*Exercise requirements*.
Having located the line with "Klein Tools 38602", print it and each remaining line exactly, stopping at the end of the material and omitting pictures.
>>>
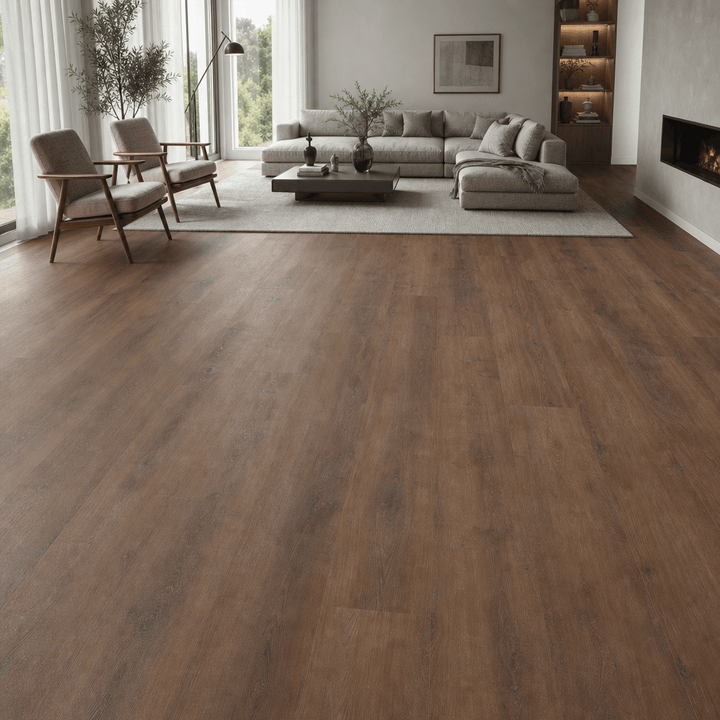 Dein Traumzimmer HWZ Starclic More+ - Golden Oak Brown - klick Vinylboden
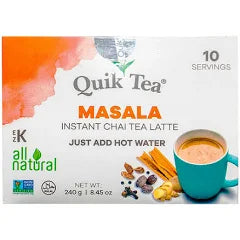 Quik Tea Vegan Masala Chai Tea Latte - 10 Count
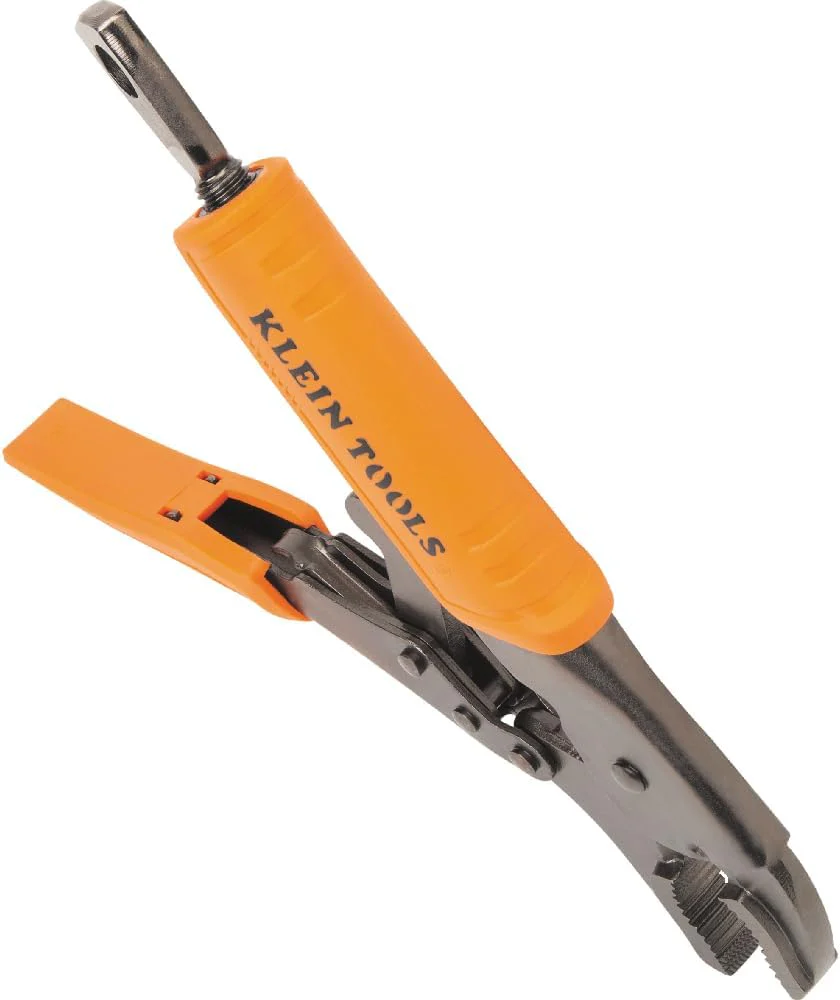 Klein Tools 38602 Curved Jaw Locking Pliers, 10-Inch - Image 7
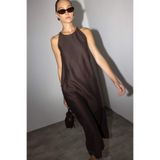 DeFacto Halter Yaka Keten Kolsuz Maxi Elbise G1456AX25AU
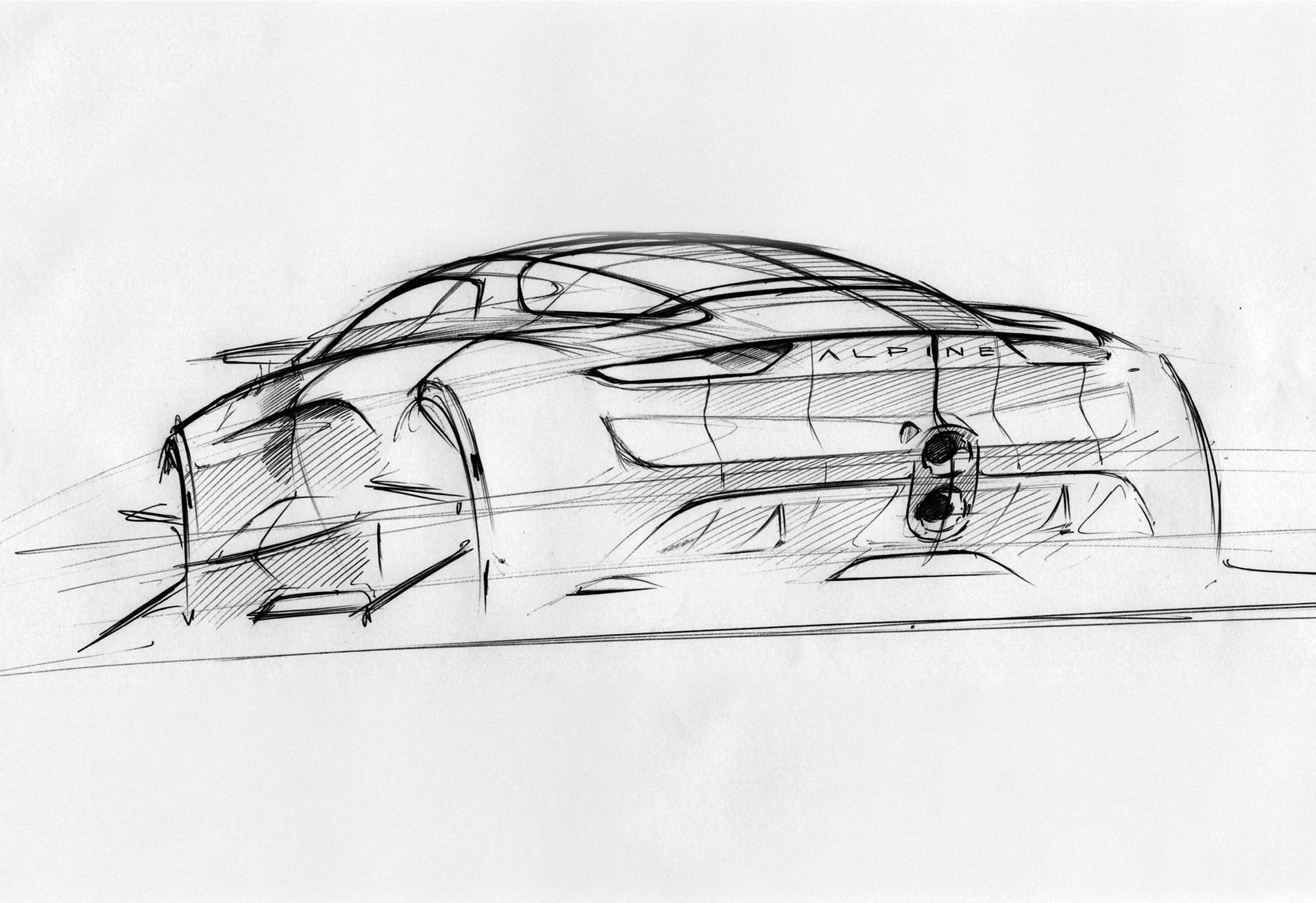 Alpine Vision sketch rear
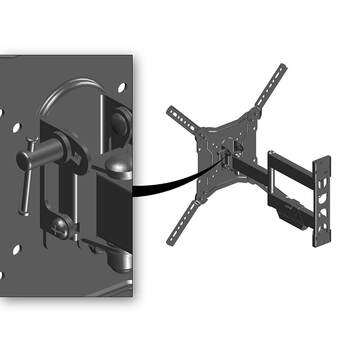 UAX 23 inch - 60 inch Full Motion TV Mount — thumbnail 5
<<<
*Result of this exercise*.
 Klein Tools 38602 Curved Jaw Locking Pliers, 10-Inch - Image 7
 DeFacto Halter Yaka Keten Kolsuz Maxi Elbise G1456AX25AU
 Alpine Vision sketch rear
 UAX 23 inch - 60 inch Full Motion TV Mount — thumbnail 5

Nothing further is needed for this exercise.